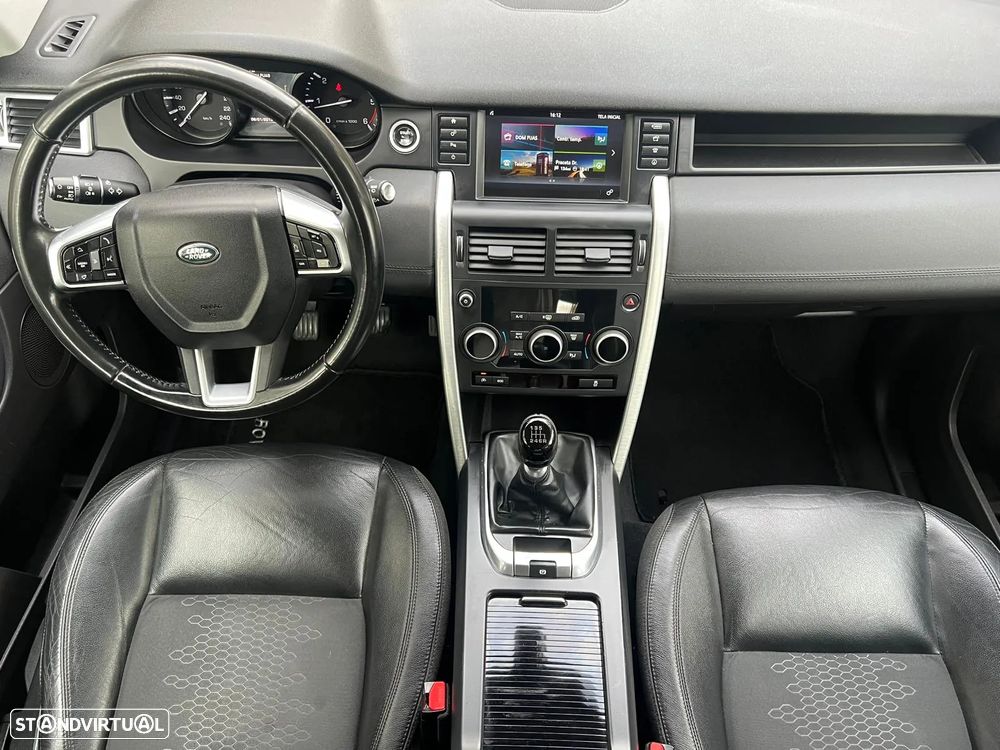 Land Rover Discovery Sport 2.0 TD4 HSE - 4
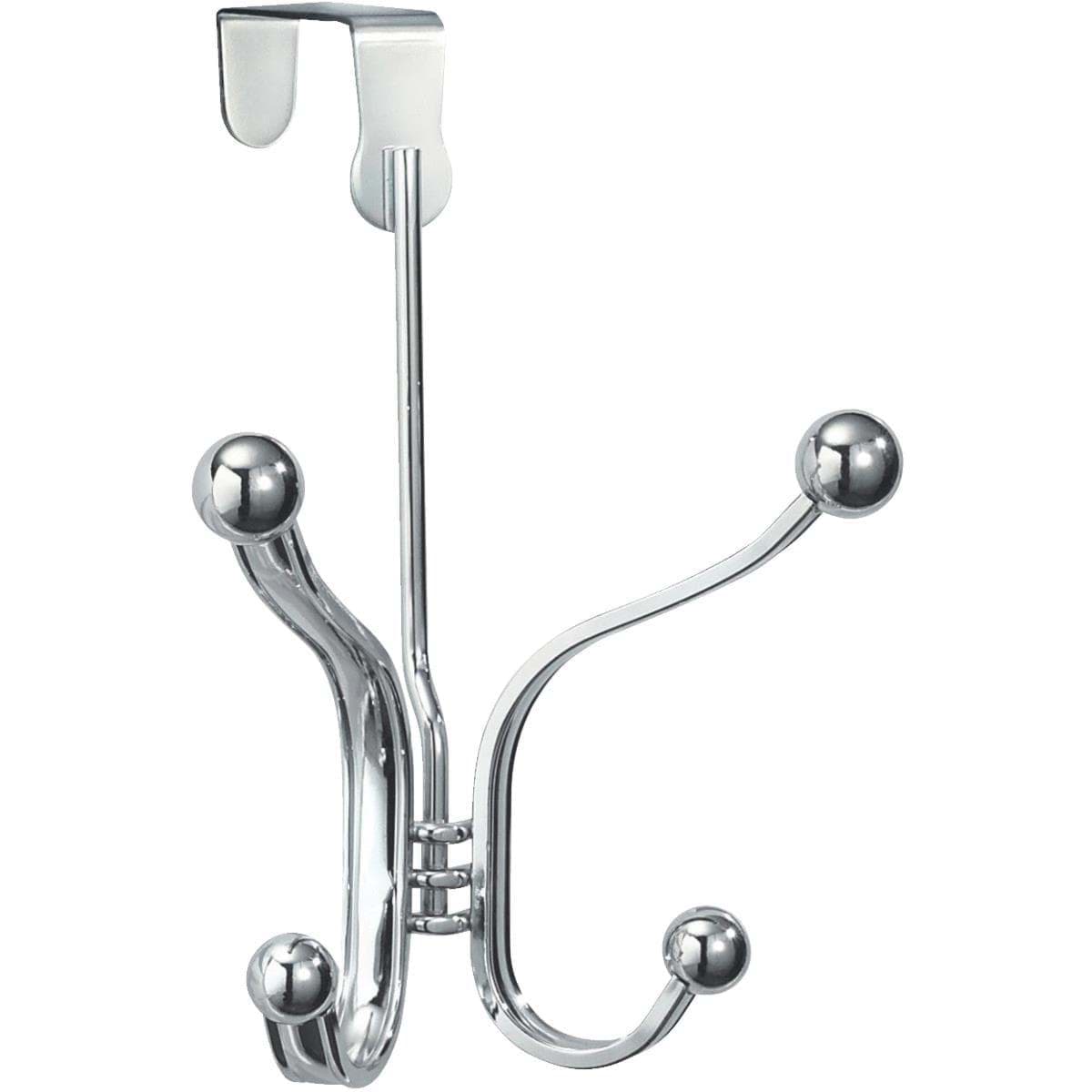 Picture of iDesign York Lyra Over-The-Door Quad Hook
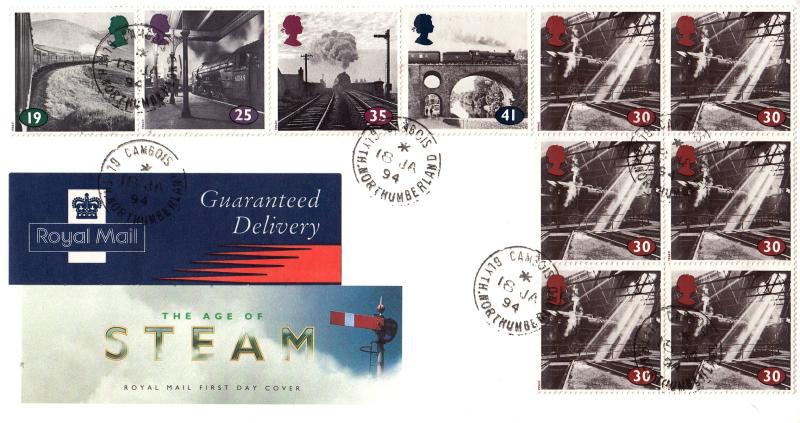 1994 (01) The Age of Steam - RM - Blyth CDS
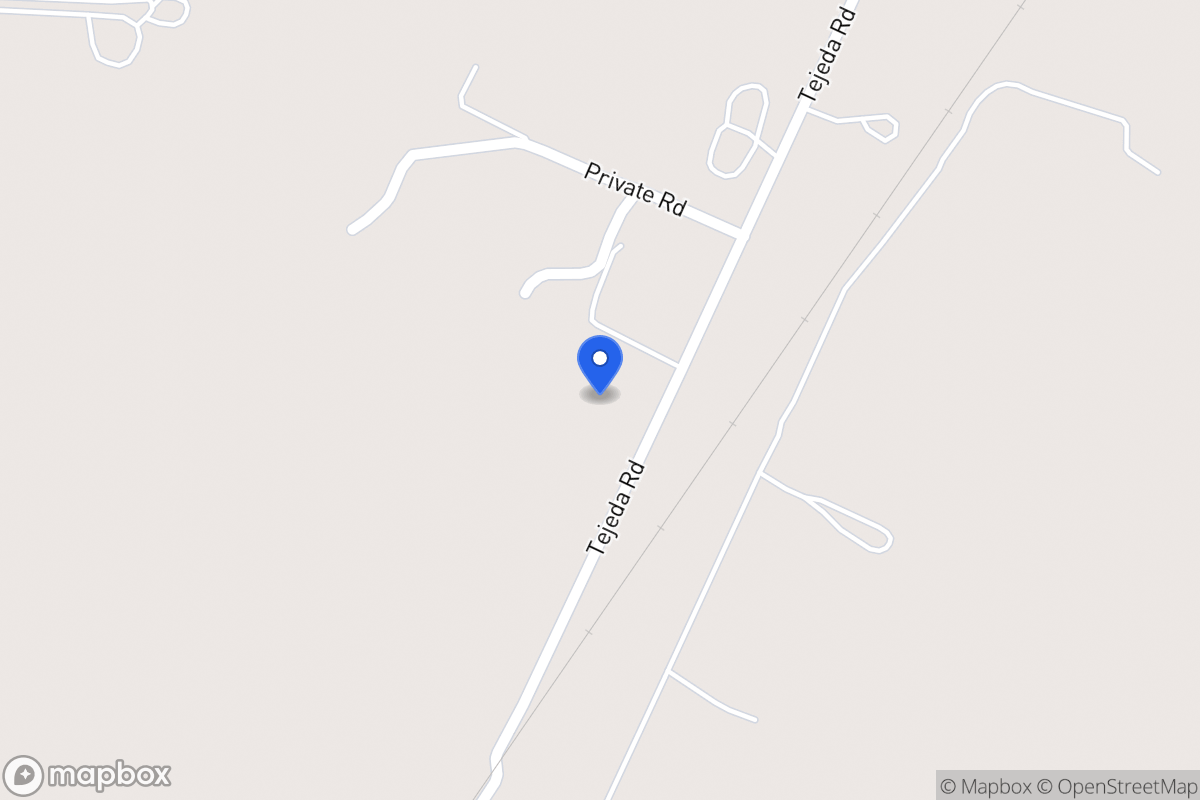 Map of 19329  Tejeda Rd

- [TASK]: Recopy the full listing exactly, passing over any picture.

- [RESULT BELOW]:
 Land Rover Discovery Sport 2.0 TD4 HSE - 4
 Picture of iDesign York Lyra Over-The-Door Quad Hook
 1994 (01) The Age of Steam - RM - Blyth CDS
 Map of 19329  Tejeda Rd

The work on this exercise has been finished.